She went upstairs. There was a ring dish on a shelf in her walk-in closet where she put the engagement ring and matching platinum wedding band, also studded with diamonds, when her hands were swelling. She didn’t think she’d taken it off, usually took off both when she did. The dish was empty.
The world came to a grinding halt, dinner stalled, homework interrupted.
“Guys, can you help me?”
She was shaky, had tears in her eyes. The three of them—Bailey, Ellie, and Mom—moved through the house, the car, the garden, looking in all the nooks and crannies, under the mat in the car, between the couch cushions. Ellie looked through Mom’s purse, her drawers. In the garden, Bailey took the rake and scraped through the soil his mother had just turned and aerated. About an hour in, Mom started to cry. Just sat on the couch and wept. Both Bailey and Ellie stopped to sit beside her and wrap her up in their arms, the way she had done for them so many times over lost friendships, or bullies, or homework frustration.
“Don’t worry,” Bailey said. “I’ll find it.”
And it was that day, that moment, where he discovered an obsession for finding things that had been lost. There were only so many places where the ring could have gone. They didn’t have cleaning people; he and Ellie were too old for sitters. Their older brother, who might have been a suspect in darker days, hadn’t been home in almost two years. There were no strangers moving through the house that day—plumbers or electricians or whatever. So, it hadn’t been stolen. The ring was loose, but not that loose. So, Bailey deduced that there were only so many conditions under which it might have fallen from her finger without her noticing.
Matthew was handy, and he’d taught Bailey how to do things—like change a tire, fix a running toilet, unclog a drain. Bailey didn’t always pay attention, his mind on other things like video games and soccer and the weird feelings he had about certain girls who used to be his friends with whom he’d played hide-and-seek and caught toads in the creek behind his house, but who now smelled like flowers and wore lip gloss. But sometimes he did pay attention to his dad’s instruction, because he liked to understand how things worked, little everyday mysteries solved.

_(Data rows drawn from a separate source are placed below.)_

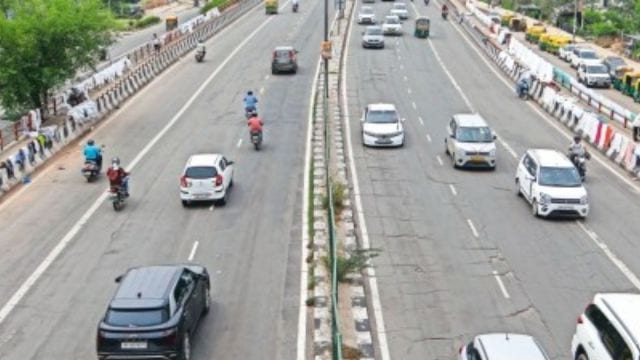 Alongside the flyover, the plan includes the widening of a six-lane road from Shivaji Chowk to Smashan Bhumi Chowk, spanning 900 metres at a cost of nearly Rs 25 crore.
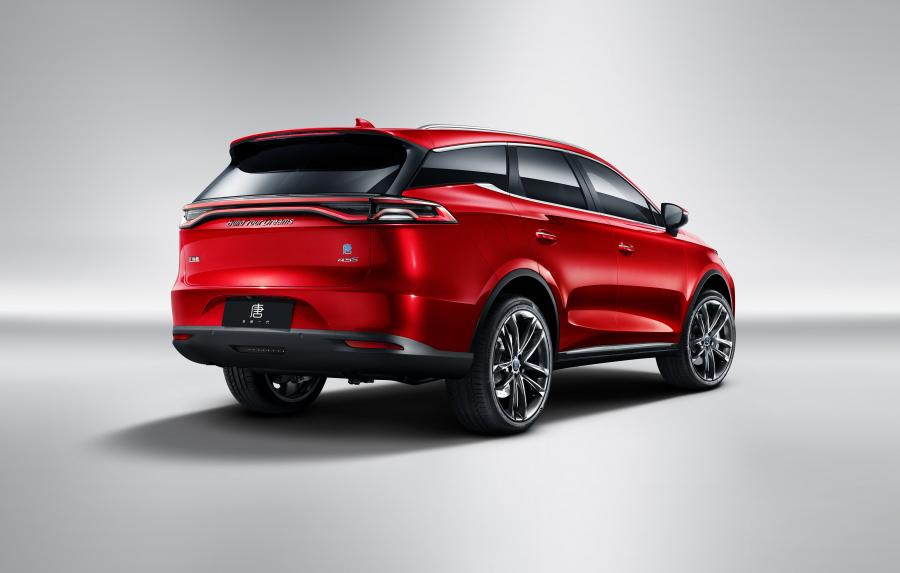  BYD Tang DM 2018 года  (фото 15 из 27)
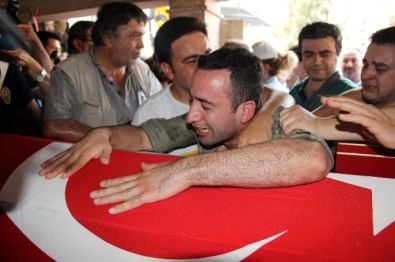 Şehit Polis Gözyaşları İçinde Son Yolculuğuna Uğurlandı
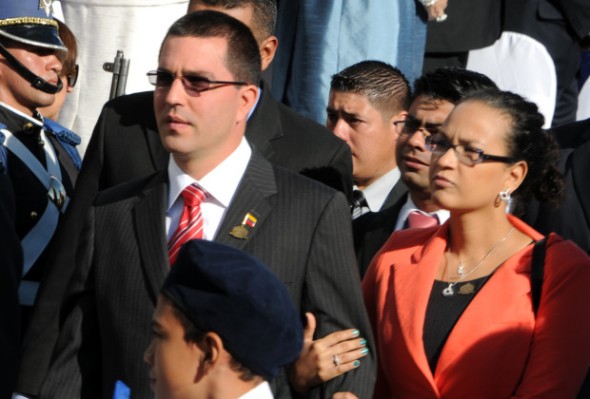 Vice President Jorge Arreaza stands beside his wife, Rosa Virginia Chavez, who refuses to vacate La Casona. (AFP/Getty Images/Orlando Sierra)
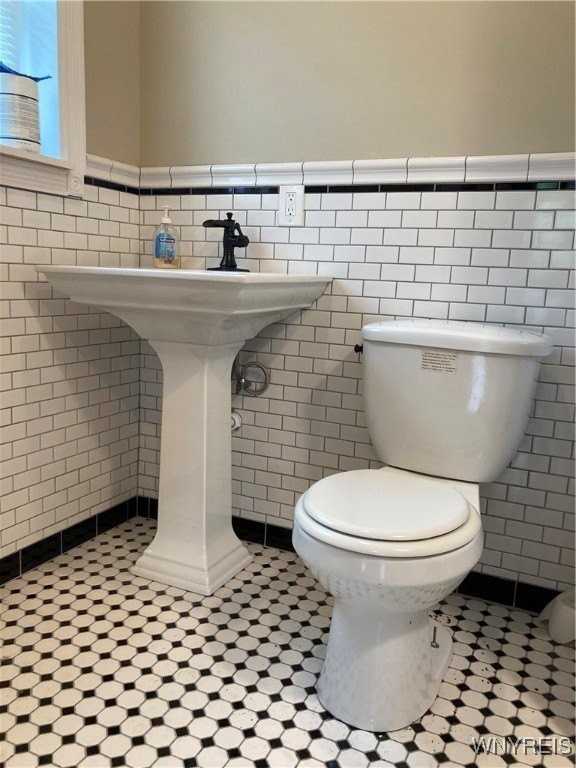 143 Cottage St - Photo 7 of 22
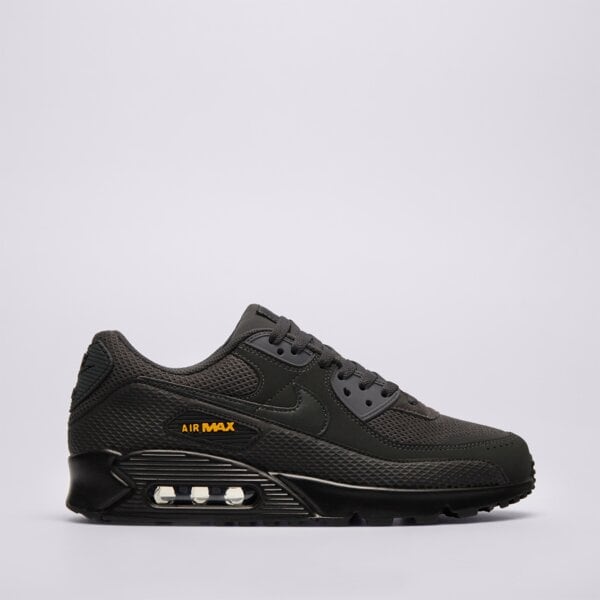 Nike Air Max vs Air Force - souboj gigantů streetwearu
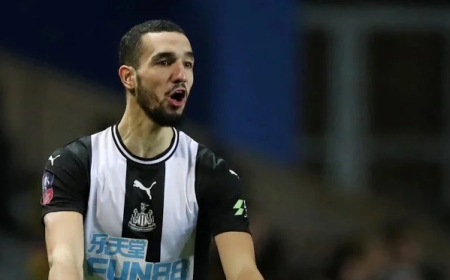 نادي نيوكاسل وانصاره يتضامنون مع لاعب الخضر نبيل بن طالب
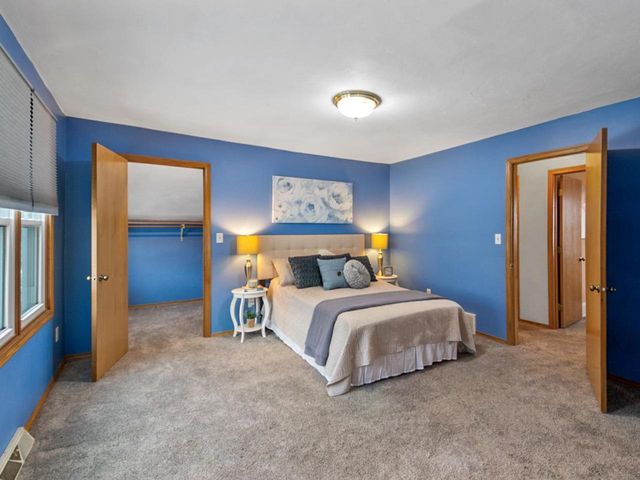 1262 S QUINCY STREET, Green Bay, WI 54301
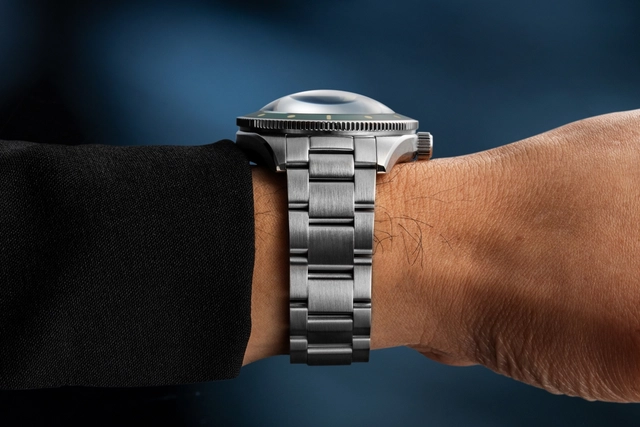 Seitenansicht der Spinnaker SP-5159 – Challenger Automatic am Handgelenk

He got his father’s toolbox and went to the kitchen. The pipe under the sink had a dip. If the ring went down the drain while his mother was doing the dishes that morning, there was a chance it was still sitting there. He turned off the water to the sink, got the wrench, and removed the pipe. He dumped the contents into his hand, while Ellie and Mom looked on hopefully. There, in a revolting glob of soapy grime, was his mother’s diamond ring.
She sobbed as he handed it back to her. It wasn’t the ring. It wasn’t its cost or its value. It was her husband, his father, and her love for him, and their history and their memories, and the way she cherished that glittering symbol of Matthew’s love. His father could have bought her another ring, but there was no way to replace that one, how it held all the energy of their life together. Bailey was a kid, just sixteen years old, and he was confused about the world and people and himself a vast majority of the time. But he saw that, what the ring meant, and understood it with a shining clarity. Some things were not just things, not just dead material items with a dollar value and nothing more. Some things were like people. And everything, everyone, had to be somewhere.
And ever since that day, Bailey Kirk didn’t like questions without answers. He didn’t like items that were lost and could not be found. Because whether you were aware of it or not, there was always an answer. One indisputable truth about what happened and why. And the lost, they were always somewhere. There was no sucking vortex in the world where rings and watches and keys and people fell through and were removed from existence. The world, and the spaces contained within, were finite. There were only so many places to go. Only so many things that might have happened.
People weren’t things, and when they went missing, there were more layers, more possibilities. Inanimate objects didn’t conspire to stay gone or hide from those searching for them. An object didn’t have a reason for leaving its life behind. But still, the number of possibilities were finite.
He kept a picture of Mia Thorpe in the visor over the drivers’ seat of his truck, and he reached for it now.
There were other missing women that he was concerned about. But Henry Thorpe was his client. And Mia was the precious child that he had lost. And there was a certain energy to that. Bailey was connected to Mia through Henry’s grief. There was a gossamer strand from her being to his, a spider-silk tether that he could shorten millimeter by millimeter until they were face-to-face.